Low priority task has the mutex. Medium priority preempts it because priority 2 beats priority 1. High priority wakes up and tries to grab the mutex. It blocks waiting for low priority to finish.

At this point FreeRTOS detects the problem. High priority task is blocked by low priority task. So the scheduler temporarily boosts low priority’s priority to match high priority. Now low priority is effectively priority 3.

Suddenly low priority can preempt medium priority (priority 3 beats priority 2). Low priority finishes, releases the mutex, high priority grabs it and runs.

The visual proof is LED2 stopping. Without priority inheritance, LED2 would keep running because medium priority would keep preempting low priority, and high priority would be stuck forever. With priority inheritance, low priority gets boosted and finishes quickly.

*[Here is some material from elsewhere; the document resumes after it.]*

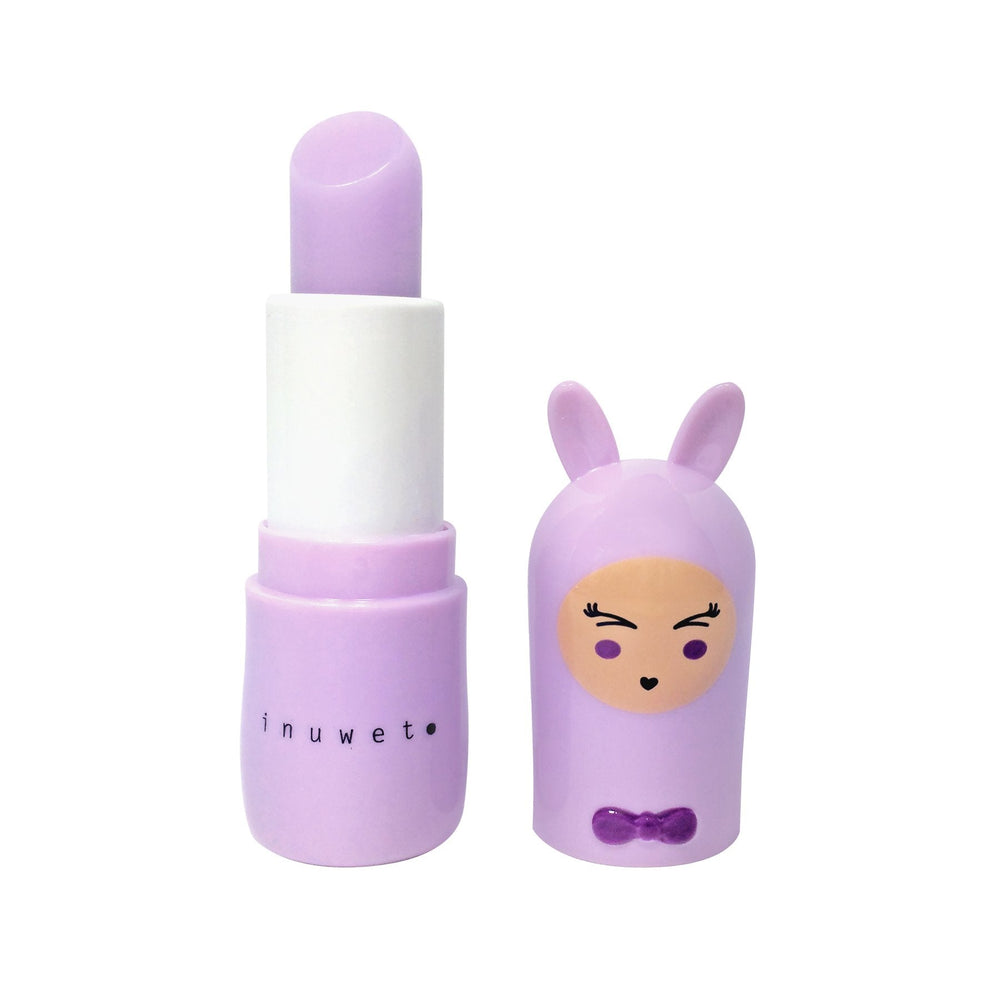 Bálsamo labial Bunny - Nube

Why this matters for real systems

These demos use LEDs but the problems are real. I’m working on a motor controller with multiple tasks sharing SPI and I2C buses. Without proper mutex protection I’d get corrupted transactions. Without understanding preemption I wouldn’t know why my display updates were getting delayed.

The priority inversion demo especially helped me understand why I need to be careful with lock durations. If a low priority task holds a mutex for too long, even priority inheritance can’t save you from poor system response.

What I learned building these

First, physical feedback is way better than serial output. Watching an LED stop mid-blink when preemption happens makes the concept stick.

Second, these demos exposed bugs I didn’t know I had. Initial version of the priority inversion demo didn’t show LED2 stopping because I forgot to make the high priority task sleep long enough for low priority to grab the mutex first. Timing matters.

Third, seeing is believing. I thought I understood scheduling from reading documentation. Actually watching tasks fight for CPU time and seeing the scheduler resolve it made me understand the mechanisms at a much deeper level.

The code

All three demos are pretty simple. Total hardware cost was maybe €2 for the LEDs and resistors. But the learning value was way higher than reading another tutorial.

For the basic scheduling demo, the key was using a busy loop instead of vTaskDelay in the high priority task. That keeps the CPU occupied so you can actually see preemption stopping the low priority task.

For the mutex demo, using distinct blink patterns (three slow vs five fast) made it obvious when each task had the resource.

For priority inversion, the trick was making sure low priority grabbed the mutex before high priority woke up. Added a vTaskDelay in high priority’s setup to let low priority run first.

Next steps

These demos helped me understand the theory. Now I’m applying this to my actual motor control project. Multiple tasks reading encoders, updating control loops, communicating over WiFi. All the scheduling and synchronization principles are the same, just with real hardware instead of LEDs.

If you’re learning RTOS concepts, build these demos. Seriously. The hardware is cheap, the code is simple, and watching tasks actually preempt each other teaches you more than any amount of reading.